Step 2. This opens a new window, where you must navigate to the "Security" tab to look into the permissions set across the file or folder. To edit the permission for any user that has access to it, select the user and click on "Edit".
Step 3. As this leads to a new window, you can find the permissions across the section named "Permissions for Authenticated Users". Check the appropriate permissions you want to set and click "OK". To conclude, you can click "OK" and apply for all permissions.
Step 4. If you wish to add more users and set their file and folder permissions, click on "Add" across the "Edit" window and set their respective credentials to set them up for the file and folder permission.
What if you cannot change the Windows file and folder permissions across your Windows device? This is nothing to get confused about, as different situations are restricting you from changing the Windows file and folder permissions across it. Let's look ahead into some of these prominent situations to understand more about the concerning conditions:
- If the checkboxes across the Permissions dialog box are unchecked and cannot be filled out, these permissions are gained from the folder where the specific file or sub-folder is present. To break this and make the checkboxes appear, open up the "Advanced" option across the "Security" tab. Next, tap on the "Disable Inheritance" button to remove the inherited permissions.
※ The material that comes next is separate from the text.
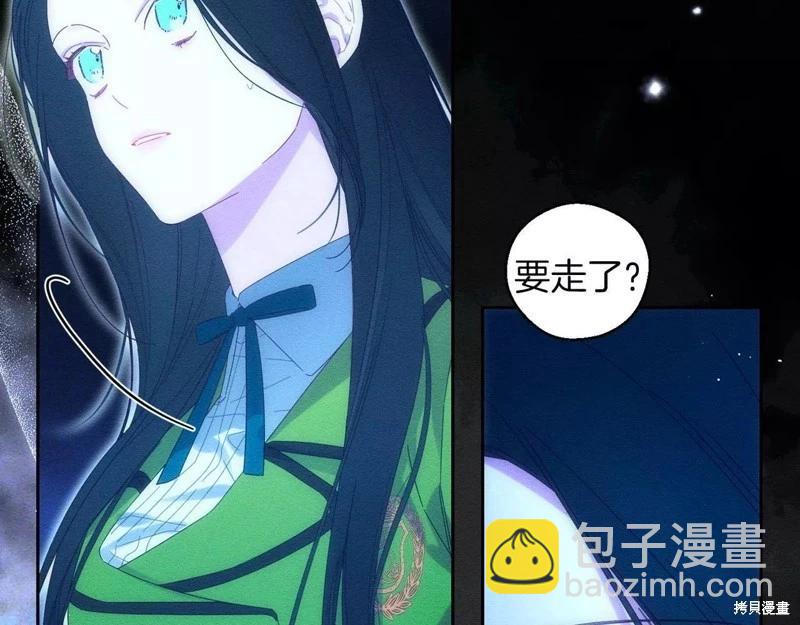 首先把弟弟藏起來 - 第55話(1/4) - 2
- There might be a case where you may not discover the Security tab in the settings of the file or folder. Look into the properties of the drive that contains the file or folder, as this tab is accessible for NTFS drives and cannot be discovered for the FAT File system.
- If the checkmarks for permissions are still not visible even after the changes are made, they can be found across the Special Permissions box. You might need to navigate to the "Advanced" options from the "Security" tab, where you have to specify the user or group and click on the "View" button. Then, on the following options screen, go to the bottom to view the permissions.
- Considering the Permissions box is not available for a user, you need to check the rights of your account. If you are logged into the system as a Standard user, you can only view your permission settings. The permissions box would not be available when logging in as another user.
This article has provided details about the Windows file and folder permissions. With the guide to accessing them, complete information about their functionality and operation has been considered. Through this article, we hope you have learned the specific Windows settings required to keep your data restricted.
FAQs About Windows File and Folder Permissions
Every user might have a few questions about the Windows file and folder permissions. Thus, we have outlined a set of FAQs to make things easier for users:
1. Do file permissions override the folder permissions?
The file permissions override the folder permissions without any issue. They only come to act indifferently if the Full Control permission is given to a specific user across a folder.
2. How do I lock a folder with permissions?
To lock a specific folder with permissions, you need to access it and right-click on it to open "Properties". From there, lead into the "Advanced" section, where you need to check the option of "Encrypt contents to secure data". Confirm the option for the specific folder or all the content across the folder and set a lock for the folder.
3. How do I remove folder security permissions?
To remove the folder permissions for a user, you need to access the same settings as done in the provided method in Part 3 above. As you open the permissions for a specific user, you need to change their settings to "Allow" for different attributes to remove their permissions.